The level of benefit sanctions has been increasing for several years, aiming to deliver savings and economic benefits by motivating individuals to return to work more quickly. However, loss of income may cause unintended consequences such as poor diet, combined with stress, causing poor health; or increased risks of criminal activity. This project looks at whether sanctions place added strain on domestic relationships with negative impacts for child welfare or well-being. In particular, it looks at whether sanctions on parents lead to a deterioration in children’s attendance at school, their behaviour while they are there, and their attainment in exams. These could have negative effects for the children in the longer term, as well as increased costs for the state. Understanding these effects is important in making a rounded judgement on the value of the policy.

 


Benefit

This study will explore hidden social and fiscal costs of benefit sanctions, giving government, third sector campaigning organisations, and wider society a more rounded view of benefit sanctions. The focus is on potential negative effects on children’s education, but these are indicative of underlying problems in family relationships and family functioning which have wider implications for child welfare and well-being. This work is expected to be of great interest to those involved in debates about welfare reform in general and sanctions in particular.

 


Government departments

Data from the Department for Work and Pensions and Scottish Government and local authorities

 


More about the project

In recent years, successive Governments have increased the number of conditions which claimants must meet in order to receive the unemployment benefit Jobseeker’s Allowance (JSA). If people fail to comply with these conditions, they can be sanctioned, i.e. their benefits are stopped for a period of time. The rate of sanctions has doubled over the last five years. In the year to September 2014, almost one fifth of people claiming JSA – 570,000 individuals across the UK – were sanctioned (DWP statistics).
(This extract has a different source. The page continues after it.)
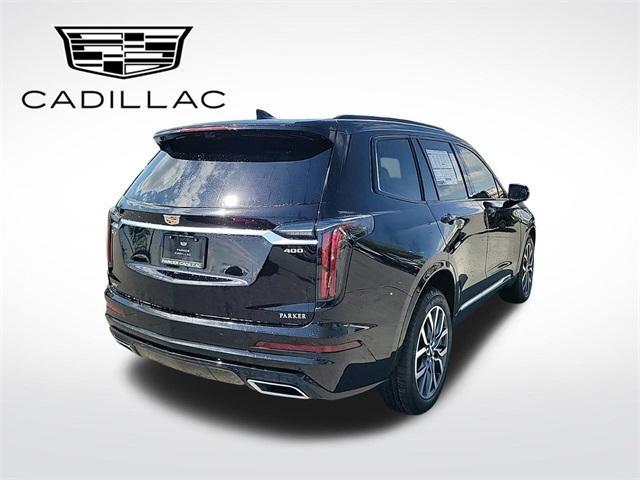 new 2024 Cadillac XT6 car, priced at $70,900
Sanctions may save the Government money directly when benefits are stopped. They also aim to deliver wider savings and economic benefits by motivating individuals to return to work more quickly. However, several ‘side effects’ or unintended consequences of sanctions have been discussed: for example, that the loss of income due to sanctions may result in worse diet which, combined with the stress of coping without benefits, may result in worse health; or that loss of income may result in increased risks of criminal activity.
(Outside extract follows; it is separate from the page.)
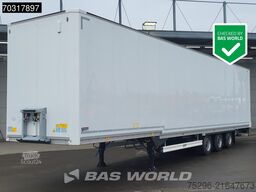 Talson F1227 3 axles NEW Mega Rollerbett Luchtvracht L...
This project looks at an unintended consequence for children and young people: whether sanctions place added strain on domestic relationships with negative impacts for child welfare or well-being. In particular, it looks at whether sanctions on parents lead to a deterioration in children’s attendance at school, their behaviour while they are there, and their attainment in exams. All of these could have significant negative effects for the children in the longer term, as well as increased costs for the state. Understanding these impacts is therefore very important if we are to make a rounded judgement on the value of this policy.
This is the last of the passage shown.